Ghalib’s lines echo in my mind when I was in Lahore earlier

“Hairan hoon dil ko ro’oon ke peetoon jigar ko mein
Maqdoor ho tau saath rakhoon nauha gar ko mein”

(Should I cry out my heart or lament my soul
If I could I would keep by my side a professional mourner)

Violence against women makes my heart lurch each time I open the newspaper.

Wherever I turn I am accosted with stories of women harmed, I use the word deliberately. It is a calibrated harm, a dismembering that goes on. Five, ten dozen stories leap at me everyday. The day I arrived, the gruesome stoning to death of a 26 year old pregnant Farzana Parveen in front of the Lahore high court was breaking news. In three days it had already receded to inside pages. There was a lot of noise made by various actors. Prime Minister Nawaz Sharif ordered an inquiry, CJ ordered the police to file time bound report, National and State Women’s Commissions demanded action, and human rights organizations issued statements. Where will all this concern end? How often has such public outrage erupted and what has it yielded?

On 16 December 2012 India was convulsed with the gang rape and subsequent death of Nirbhaya a young pharmacy student. The day I left Delhi for Lahore there was another convulsion, this time in UP. It was caused by the gang rape and hanging of two little dalit girls from an eponymous village Shahadat Ganj in Badaun. The statement of the CM of UP was reported in the press. He was responding to a reporter who asked him about rapes in his state. He said ‘You haven’t been harmed, have you? No-- right? Great, thank you’. This comment was carried by Dawn here. The unfortunate remark made a few weeks ago during the election campaign by the Samajwadi Chief Mulayam Singh that rapists should not receive death penalty ‘boys will be boys’ has also been featured in Pakistan press in the context of the Shahadat Ganj rapes.

I returned to India to once again confront our own traumas pertaining to gender based violence. Meanwhile in Pakistan the scenario is as gruesome. In one day, in three metros, Lahore, Karachi, Rawalpindi, three women’s stories have hit big time news. These are three that have been projected in media but there are dozens of others which have been summed up in one- liners in back columns. One can only imagine scores of incidents from remote areas of FATA and Khyber-Pakhtunkhwa which remain unreported.

The three stories are the following. Hold your sensibilities as I recount the bare outline. In Lahore South Cantonment a man (Ghulam Rasool of Vehari) cut off the legs of his wife, mother of five children, on suspicion of infidelity.
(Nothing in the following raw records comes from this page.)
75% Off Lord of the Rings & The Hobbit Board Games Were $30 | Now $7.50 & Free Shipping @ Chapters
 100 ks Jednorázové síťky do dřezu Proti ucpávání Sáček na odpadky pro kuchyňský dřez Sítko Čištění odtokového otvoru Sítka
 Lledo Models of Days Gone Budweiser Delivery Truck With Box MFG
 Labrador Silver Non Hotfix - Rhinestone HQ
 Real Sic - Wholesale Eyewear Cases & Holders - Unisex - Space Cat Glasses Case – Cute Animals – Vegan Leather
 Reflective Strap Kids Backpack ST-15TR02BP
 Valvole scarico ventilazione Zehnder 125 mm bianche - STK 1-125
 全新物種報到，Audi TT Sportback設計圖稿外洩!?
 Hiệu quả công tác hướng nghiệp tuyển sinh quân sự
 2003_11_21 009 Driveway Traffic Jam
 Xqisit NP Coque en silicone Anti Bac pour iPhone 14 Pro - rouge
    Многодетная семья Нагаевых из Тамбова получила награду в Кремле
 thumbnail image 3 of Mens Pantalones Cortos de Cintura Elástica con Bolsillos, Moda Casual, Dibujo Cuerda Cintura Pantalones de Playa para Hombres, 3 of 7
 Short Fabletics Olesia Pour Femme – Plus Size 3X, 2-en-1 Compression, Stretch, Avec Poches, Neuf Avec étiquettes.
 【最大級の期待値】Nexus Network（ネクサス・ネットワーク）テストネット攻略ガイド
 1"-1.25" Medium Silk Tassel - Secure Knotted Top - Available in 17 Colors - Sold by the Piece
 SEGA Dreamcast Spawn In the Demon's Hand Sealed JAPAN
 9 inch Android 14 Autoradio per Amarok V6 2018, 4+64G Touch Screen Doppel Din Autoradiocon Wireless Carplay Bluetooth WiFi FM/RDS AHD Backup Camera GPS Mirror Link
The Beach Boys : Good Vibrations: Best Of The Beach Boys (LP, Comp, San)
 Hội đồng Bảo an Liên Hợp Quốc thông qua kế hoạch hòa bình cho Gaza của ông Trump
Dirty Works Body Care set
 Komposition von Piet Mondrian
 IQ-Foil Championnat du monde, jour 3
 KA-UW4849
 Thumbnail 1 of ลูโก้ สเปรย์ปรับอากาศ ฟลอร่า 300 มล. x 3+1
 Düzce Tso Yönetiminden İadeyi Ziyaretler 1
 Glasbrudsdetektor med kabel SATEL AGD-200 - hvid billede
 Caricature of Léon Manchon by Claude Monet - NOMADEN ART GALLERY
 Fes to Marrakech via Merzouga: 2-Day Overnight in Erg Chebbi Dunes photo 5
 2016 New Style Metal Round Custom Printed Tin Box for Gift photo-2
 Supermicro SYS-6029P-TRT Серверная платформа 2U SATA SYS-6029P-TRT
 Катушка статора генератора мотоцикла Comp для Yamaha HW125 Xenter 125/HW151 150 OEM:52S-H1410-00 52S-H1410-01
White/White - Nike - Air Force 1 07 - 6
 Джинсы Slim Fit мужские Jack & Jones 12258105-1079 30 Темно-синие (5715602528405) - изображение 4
In Rawalpindi a thirty year old Rubina Naeem, a mother of two girls was found hanging while her two Rida, nine and Maimoona, six year old girls were shot through their heads. The police started by reporting a case of murder-suicide by the dead woman. When the Rubina’s mother accused her daughter’s bigamous husband Malik Pervez alias Malik Naeem, who had been torturing her daughter and revealed that she had lodged a police complaint in the very same thana a few months back the story took another turn. The third site of crime was Karachi where a woman and her two children were strangled to death by her relatives for the crime of marrying against their wishes. In this case, however, the husband too was shot dead when he returned late night from duty.

In Nawa e Waqt, the Urdu newspaper that I read everyday there is a daily column called Ziyadtiyan, meaning excesses. It contains one-line news about sexually used and abused women, girls and children. Its tiny print makes impossible reading. But it is there for any one who takes pain to read and compile the data.

In Pakistan Assembly there are 60 women MNA’s who are often in the news for their stands on various issues. In India the new Cabinet has 7 women Ministers besides 61 women elected to the 16th Lok Sabha. The Prime Minister of India dedicated himself to the dignity of ‘mothers and daughters in his very first speech on May 19 2014. There is need now in both countries to translate intentions into action because in both Pakistan and India undervaluation of women has become a cancer that is going to kill the body politic. As India’s Planning Commission we tried to bring women to the top of the development agenda. In Pakistan institutions like National Commission on Status of Women and Human Rights Commission of Pakistan have been struggling to do the same since their inception in 2000 and 1987 (respectively). But these are still bare branches; the flower and fruit is not visible.

Although like Ghalib I am the archetypal mourner for gender but I know this is not the answer. I pull myself out of this depression and like Dylan Thomas ‘Rage rage against the dying of the light’. Meanwhile women are being sacrificed daily in the shahadat ganj’s (sacrifice areas) on both sides of the border.